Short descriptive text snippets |
--- START ---

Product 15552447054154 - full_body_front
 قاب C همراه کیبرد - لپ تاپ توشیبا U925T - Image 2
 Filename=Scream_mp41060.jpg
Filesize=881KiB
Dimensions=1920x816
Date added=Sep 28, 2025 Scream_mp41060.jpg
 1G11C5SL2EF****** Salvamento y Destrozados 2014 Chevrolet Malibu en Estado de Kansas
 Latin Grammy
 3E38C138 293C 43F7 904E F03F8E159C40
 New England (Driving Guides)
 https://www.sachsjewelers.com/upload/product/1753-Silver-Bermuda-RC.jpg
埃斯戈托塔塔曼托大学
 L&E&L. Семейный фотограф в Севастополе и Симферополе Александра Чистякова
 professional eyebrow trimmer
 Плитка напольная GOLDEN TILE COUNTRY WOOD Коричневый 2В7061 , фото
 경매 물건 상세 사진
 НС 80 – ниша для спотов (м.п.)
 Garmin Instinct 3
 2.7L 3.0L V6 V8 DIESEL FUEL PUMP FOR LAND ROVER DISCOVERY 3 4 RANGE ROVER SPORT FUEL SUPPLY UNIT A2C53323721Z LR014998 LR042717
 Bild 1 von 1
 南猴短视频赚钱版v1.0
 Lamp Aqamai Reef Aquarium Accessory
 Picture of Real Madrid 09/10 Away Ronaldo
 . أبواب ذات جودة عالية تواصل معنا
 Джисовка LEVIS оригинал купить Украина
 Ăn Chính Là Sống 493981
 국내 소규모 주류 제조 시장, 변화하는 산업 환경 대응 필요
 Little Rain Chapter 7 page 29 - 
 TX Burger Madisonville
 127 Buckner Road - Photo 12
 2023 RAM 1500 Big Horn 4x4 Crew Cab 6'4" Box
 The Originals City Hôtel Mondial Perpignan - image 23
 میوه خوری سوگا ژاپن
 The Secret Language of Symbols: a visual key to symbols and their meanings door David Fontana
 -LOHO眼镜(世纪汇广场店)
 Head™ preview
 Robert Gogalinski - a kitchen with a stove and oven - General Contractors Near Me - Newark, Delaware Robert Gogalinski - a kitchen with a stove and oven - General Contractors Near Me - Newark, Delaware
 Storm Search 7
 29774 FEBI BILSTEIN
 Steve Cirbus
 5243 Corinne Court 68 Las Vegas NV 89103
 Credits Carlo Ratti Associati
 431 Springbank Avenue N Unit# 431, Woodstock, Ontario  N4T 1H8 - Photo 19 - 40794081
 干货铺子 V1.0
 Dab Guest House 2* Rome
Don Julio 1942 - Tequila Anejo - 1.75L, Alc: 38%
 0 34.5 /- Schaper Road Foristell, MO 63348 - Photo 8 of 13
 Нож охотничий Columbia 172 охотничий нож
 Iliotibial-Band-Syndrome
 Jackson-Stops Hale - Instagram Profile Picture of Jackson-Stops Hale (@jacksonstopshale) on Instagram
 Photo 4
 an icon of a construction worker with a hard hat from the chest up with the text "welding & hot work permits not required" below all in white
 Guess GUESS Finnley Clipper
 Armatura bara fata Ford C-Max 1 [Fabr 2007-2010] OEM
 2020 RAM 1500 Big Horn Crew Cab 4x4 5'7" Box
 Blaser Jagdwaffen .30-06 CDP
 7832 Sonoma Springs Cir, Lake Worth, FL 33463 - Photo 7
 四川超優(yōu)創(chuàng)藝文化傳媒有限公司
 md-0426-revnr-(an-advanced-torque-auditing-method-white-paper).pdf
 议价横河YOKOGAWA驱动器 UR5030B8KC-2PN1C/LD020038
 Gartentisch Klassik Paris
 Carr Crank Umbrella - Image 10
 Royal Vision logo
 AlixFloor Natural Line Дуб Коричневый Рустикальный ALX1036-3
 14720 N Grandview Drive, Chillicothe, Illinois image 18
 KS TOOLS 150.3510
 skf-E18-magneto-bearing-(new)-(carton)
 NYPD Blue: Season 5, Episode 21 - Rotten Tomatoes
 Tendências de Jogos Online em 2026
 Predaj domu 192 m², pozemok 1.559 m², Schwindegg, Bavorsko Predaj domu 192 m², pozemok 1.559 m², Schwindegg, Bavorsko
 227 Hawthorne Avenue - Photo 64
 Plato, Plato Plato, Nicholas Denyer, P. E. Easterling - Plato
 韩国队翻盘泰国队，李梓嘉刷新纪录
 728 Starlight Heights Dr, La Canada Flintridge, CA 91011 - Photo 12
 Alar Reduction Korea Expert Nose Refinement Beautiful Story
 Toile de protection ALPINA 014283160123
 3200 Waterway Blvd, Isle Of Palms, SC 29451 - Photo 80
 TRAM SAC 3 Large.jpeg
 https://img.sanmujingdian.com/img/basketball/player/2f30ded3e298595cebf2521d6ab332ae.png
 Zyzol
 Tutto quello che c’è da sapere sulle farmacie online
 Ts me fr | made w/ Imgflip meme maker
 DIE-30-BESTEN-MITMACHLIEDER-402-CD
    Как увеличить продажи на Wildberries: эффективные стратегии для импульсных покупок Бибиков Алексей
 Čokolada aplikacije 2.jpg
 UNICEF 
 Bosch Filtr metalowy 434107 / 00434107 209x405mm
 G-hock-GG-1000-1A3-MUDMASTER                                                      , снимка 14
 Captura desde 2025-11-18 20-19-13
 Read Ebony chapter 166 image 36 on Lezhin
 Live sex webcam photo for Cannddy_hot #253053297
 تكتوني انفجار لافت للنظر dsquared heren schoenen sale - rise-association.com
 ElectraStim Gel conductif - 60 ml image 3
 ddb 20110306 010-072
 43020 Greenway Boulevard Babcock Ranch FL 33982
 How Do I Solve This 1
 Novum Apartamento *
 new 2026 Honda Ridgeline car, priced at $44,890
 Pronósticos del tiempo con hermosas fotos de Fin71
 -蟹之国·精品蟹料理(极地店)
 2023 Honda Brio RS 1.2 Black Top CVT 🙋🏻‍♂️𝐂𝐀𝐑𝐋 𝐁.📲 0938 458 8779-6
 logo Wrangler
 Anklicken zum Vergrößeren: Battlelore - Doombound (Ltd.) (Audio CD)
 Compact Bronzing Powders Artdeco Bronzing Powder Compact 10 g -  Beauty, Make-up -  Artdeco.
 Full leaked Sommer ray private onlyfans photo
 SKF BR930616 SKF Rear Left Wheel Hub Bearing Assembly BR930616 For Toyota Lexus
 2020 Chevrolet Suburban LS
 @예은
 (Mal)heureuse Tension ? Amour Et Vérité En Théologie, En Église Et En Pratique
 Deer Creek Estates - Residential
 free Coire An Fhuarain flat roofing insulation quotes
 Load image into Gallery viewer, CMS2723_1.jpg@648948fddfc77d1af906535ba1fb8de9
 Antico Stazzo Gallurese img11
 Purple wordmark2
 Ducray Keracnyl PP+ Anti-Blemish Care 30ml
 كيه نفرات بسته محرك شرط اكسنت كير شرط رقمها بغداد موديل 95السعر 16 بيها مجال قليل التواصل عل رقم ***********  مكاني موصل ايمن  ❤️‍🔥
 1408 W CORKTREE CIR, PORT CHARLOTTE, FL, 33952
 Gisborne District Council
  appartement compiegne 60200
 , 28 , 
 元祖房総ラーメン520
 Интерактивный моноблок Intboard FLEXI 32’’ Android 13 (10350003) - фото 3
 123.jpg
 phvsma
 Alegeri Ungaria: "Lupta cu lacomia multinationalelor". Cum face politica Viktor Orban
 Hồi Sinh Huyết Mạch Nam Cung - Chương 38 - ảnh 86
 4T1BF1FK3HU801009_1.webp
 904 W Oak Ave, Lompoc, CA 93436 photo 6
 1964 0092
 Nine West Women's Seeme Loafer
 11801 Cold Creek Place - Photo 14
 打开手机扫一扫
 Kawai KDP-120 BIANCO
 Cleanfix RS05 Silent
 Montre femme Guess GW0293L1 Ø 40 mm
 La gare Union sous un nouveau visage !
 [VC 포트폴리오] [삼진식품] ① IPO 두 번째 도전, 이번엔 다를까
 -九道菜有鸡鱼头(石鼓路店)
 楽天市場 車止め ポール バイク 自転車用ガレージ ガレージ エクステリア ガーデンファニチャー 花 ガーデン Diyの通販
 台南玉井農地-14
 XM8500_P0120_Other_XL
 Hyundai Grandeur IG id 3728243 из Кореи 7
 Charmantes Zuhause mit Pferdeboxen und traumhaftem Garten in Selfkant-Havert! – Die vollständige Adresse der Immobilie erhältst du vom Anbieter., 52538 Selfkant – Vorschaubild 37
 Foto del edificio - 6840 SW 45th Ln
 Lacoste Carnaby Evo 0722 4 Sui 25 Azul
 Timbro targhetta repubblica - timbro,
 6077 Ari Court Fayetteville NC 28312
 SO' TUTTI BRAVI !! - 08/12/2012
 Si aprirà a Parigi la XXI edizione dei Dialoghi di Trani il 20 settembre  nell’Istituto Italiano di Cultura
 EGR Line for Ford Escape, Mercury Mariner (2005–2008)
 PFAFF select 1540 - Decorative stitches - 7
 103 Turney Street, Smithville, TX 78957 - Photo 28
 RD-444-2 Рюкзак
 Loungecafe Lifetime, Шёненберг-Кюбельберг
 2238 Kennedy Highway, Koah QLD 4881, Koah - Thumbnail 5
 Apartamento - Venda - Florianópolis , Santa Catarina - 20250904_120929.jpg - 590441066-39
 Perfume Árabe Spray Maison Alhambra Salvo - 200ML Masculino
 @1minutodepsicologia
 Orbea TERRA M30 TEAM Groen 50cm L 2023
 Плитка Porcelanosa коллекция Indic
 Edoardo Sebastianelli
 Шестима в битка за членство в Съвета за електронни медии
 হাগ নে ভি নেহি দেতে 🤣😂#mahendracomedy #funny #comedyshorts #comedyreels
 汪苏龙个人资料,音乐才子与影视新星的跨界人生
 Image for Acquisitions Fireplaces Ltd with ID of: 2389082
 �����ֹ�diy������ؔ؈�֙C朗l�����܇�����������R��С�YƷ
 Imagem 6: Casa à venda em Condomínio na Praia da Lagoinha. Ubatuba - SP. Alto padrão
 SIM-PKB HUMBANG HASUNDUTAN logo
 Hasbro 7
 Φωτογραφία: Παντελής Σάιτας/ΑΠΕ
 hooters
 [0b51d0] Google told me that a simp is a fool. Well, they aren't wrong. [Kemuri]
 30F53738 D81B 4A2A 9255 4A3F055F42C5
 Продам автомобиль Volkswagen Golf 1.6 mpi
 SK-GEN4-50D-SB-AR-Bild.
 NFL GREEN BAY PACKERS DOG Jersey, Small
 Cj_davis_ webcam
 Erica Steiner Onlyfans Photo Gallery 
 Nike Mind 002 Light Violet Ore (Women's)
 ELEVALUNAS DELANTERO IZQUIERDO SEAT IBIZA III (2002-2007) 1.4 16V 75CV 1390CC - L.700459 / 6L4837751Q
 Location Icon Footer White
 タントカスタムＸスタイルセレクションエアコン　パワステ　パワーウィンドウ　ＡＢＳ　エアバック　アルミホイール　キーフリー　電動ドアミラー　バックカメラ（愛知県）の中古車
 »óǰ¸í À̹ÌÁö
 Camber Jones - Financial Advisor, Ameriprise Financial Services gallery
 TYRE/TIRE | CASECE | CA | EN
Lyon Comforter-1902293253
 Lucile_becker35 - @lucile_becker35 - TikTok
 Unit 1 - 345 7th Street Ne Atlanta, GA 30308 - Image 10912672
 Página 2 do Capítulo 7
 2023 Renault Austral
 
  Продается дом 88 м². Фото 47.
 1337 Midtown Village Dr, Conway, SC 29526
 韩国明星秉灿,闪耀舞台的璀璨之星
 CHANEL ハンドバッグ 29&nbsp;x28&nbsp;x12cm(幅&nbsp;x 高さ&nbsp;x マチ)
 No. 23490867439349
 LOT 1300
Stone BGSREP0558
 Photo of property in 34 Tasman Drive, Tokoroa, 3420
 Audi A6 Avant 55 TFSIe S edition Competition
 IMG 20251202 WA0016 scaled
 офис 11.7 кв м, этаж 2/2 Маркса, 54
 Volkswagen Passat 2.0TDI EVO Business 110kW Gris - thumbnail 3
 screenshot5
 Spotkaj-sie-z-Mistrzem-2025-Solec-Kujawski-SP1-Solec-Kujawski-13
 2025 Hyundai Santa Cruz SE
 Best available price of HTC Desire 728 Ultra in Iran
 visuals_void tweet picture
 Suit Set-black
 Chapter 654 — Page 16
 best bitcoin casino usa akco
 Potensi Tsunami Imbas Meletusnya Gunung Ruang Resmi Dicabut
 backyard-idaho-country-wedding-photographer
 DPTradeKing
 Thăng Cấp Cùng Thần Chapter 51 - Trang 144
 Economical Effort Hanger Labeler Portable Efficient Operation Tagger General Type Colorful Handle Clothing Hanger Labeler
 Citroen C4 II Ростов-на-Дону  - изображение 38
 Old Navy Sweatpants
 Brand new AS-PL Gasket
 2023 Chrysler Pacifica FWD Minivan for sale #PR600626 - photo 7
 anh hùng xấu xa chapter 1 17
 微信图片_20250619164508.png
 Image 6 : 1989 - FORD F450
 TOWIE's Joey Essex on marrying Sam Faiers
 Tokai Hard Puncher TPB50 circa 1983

--- END ---

Look above for the line with "عالية تواصل معنا" and the line with "Iliotibial-Band-Syndrome". Write out those two lines and all the lines between them, exactly, and no others.

ANSWER SECTION |
 . أبواب ذات جودة عالية تواصل معنا
 Джисовка LEVIS оригинал купить Украина
 Ăn Chính Là Sống 493981
 국내 소규모 주류 제조 시장, 변화하는 산업 환경 대응 필요
 Little Rain Chapter 7 page 29 - 
 TX Burger Madisonville
 127 Buckner Road - Photo 12
 2023 RAM 1500 Big Horn 4x4 Crew Cab 6'4" Box
 The Originals City Hôtel Mondial Perpignan - image 23
 میوه خوری سوگا ژاپن
 The Secret Language of Symbols: a visual key to symbols and their meanings door David Fontana
 -LOHO眼镜(世纪汇广场店)
 Head™ preview
 Robert Gogalinski - a kitchen with a stove and oven - General Contractors Near Me - Newark, Delaware Robert Gogalinski - a kitchen with a stove and oven - General Contractors Near Me - Newark, Delaware
 Storm Search 7
 29774 FEBI BILSTEIN
 Steve Cirbus
 5243 Corinne Court 68 Las Vegas NV 89103
 Credits Carlo Ratti Associati
 431 Springbank Avenue N Unit# 431, Woodstock, Ontario  N4T 1H8 - Photo 19 - 40794081
 干货铺子 V1.0
 Dab Guest House 2* Rome
Don Julio 1942 - Tequila Anejo - 1.75L, Alc: 38%
 0 34.5 /- Schaper Road Foristell, MO 63348 - Photo 8 of 13
 Нож охотничий Columbia 172 охотничий нож
 Iliotibial-Band-Syndrome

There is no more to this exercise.